I have a pytorch model with BertModel as the main part and a custom head. I want to freeze the embedding layer and the first few encoding layers, so that I can fine-tune the attention weights of the last few encoding layers and the weights of the custom layers.
I tried:
ct = 0
for child in model.children():
ct += 1
if ct < 11: # ########## change value - this freezes layers 1-10
for param in child.parameters():
param.requires_grad = False
but I’m not sure that did what I want.
I then ran this to check, but the layer names aren’t recognized
L1bb is the name of the BertModel section in my model, and L1bb.embeddings.word_embeddings.weight is shown in the output of the code that instantiates the model.
How can I freeze the first n layers?
What counts as a layer?
What are the names of the layers in BertModel?
How can I check which layers are frozen?
PS how can I format this pasted code as code in the forum post? One section has done it automatically, but nothing seems to affect it.

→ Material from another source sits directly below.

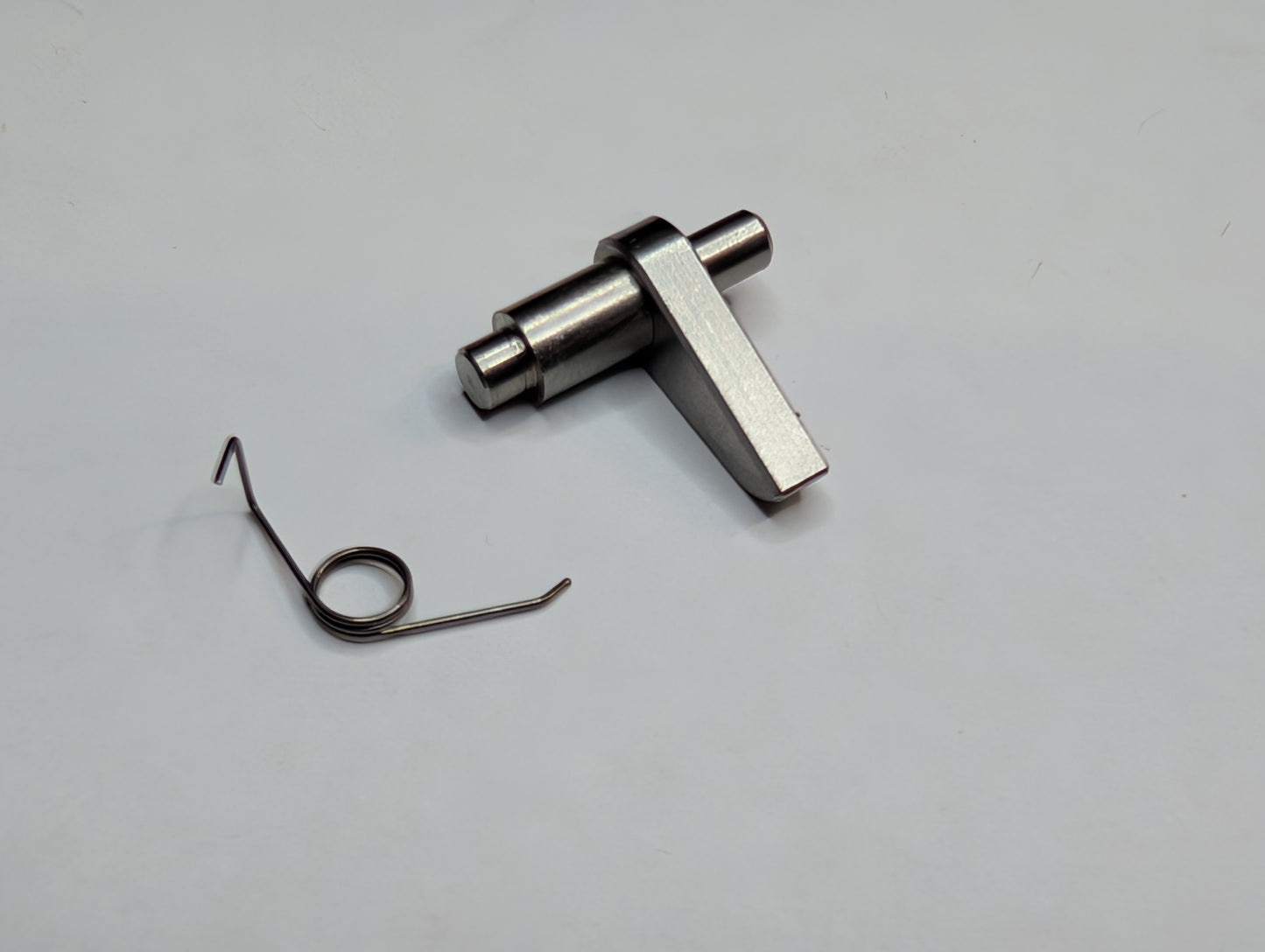 Anti-reverse latch and spring (V2 - Stainless steel)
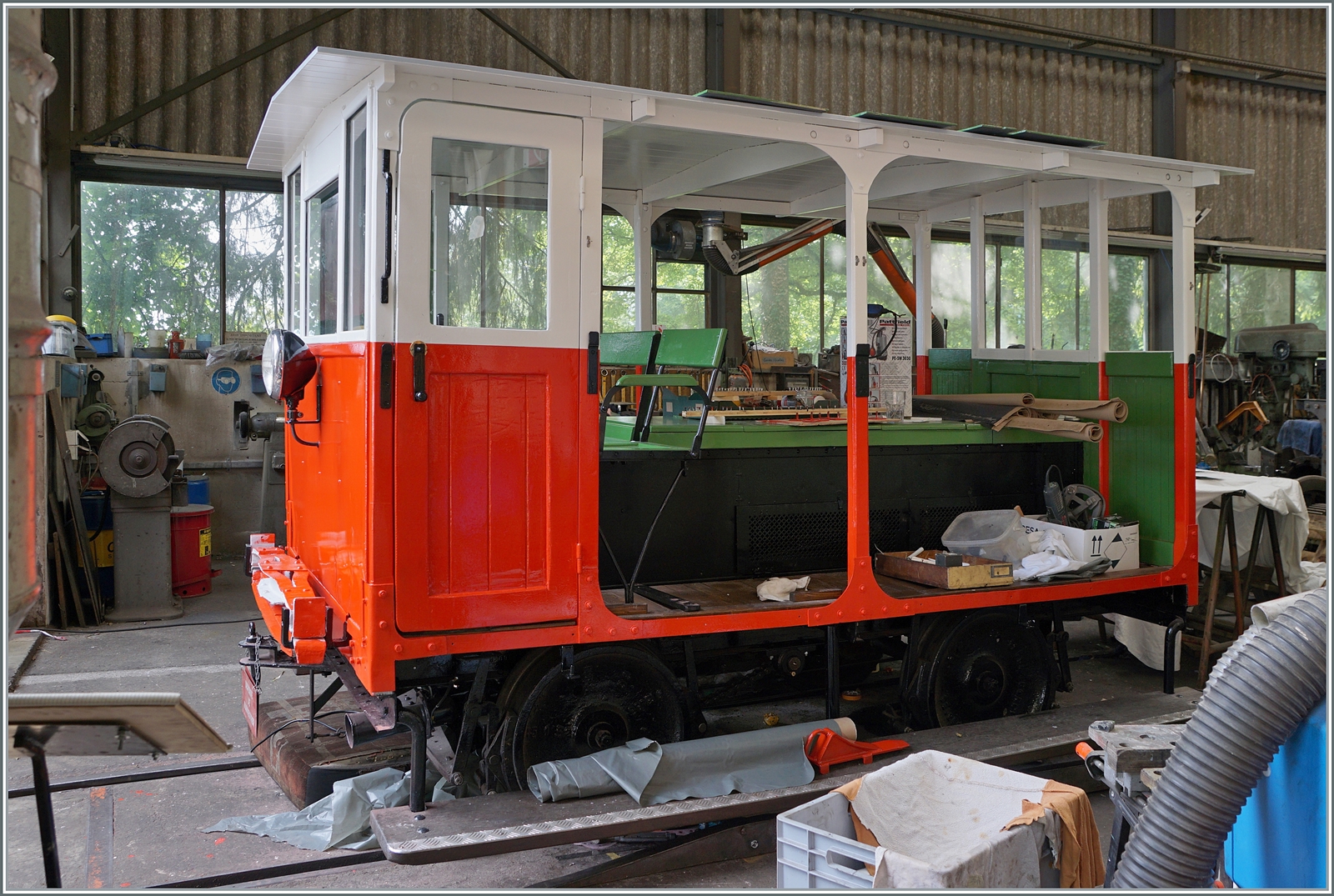 Die kleine Draisine der RB Dm 2/2 N° 3  Biniou  der Blonay-Chamby Bahn wird in Chaulin aufgearbeitet. 

4. August 2024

You should not rely on the order returned by the parameters method as it does not necessarily match the order of the layers in your model. Instead, you should use it on specific part of your models:
modules = [L1bb.embeddings, *L1bb.encoder.layer[:5]] #Replace 5 by what you want
for module in mdoules:
for param in module.parameters():
param.requires_grad = False
will freeze the embeddings layer and the first 5 transformer layers.

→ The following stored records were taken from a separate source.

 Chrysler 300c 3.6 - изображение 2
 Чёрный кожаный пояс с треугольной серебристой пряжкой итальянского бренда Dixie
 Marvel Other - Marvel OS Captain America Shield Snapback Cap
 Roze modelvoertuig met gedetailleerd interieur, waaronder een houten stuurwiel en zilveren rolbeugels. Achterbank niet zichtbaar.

hey @sgugger I tried your code with the BERT model, (model = BertModel.from_pretrained(“bert-base-cased”)
so the code would be:
modules = [model.embeddings, model.encoder.layer[:5]] #Replace 5 by what you want
for module in modules:
for param in module.parameters():
param.requires_grad = False
however the changes did not pass into the model, did I miss anything? how do I call the new model?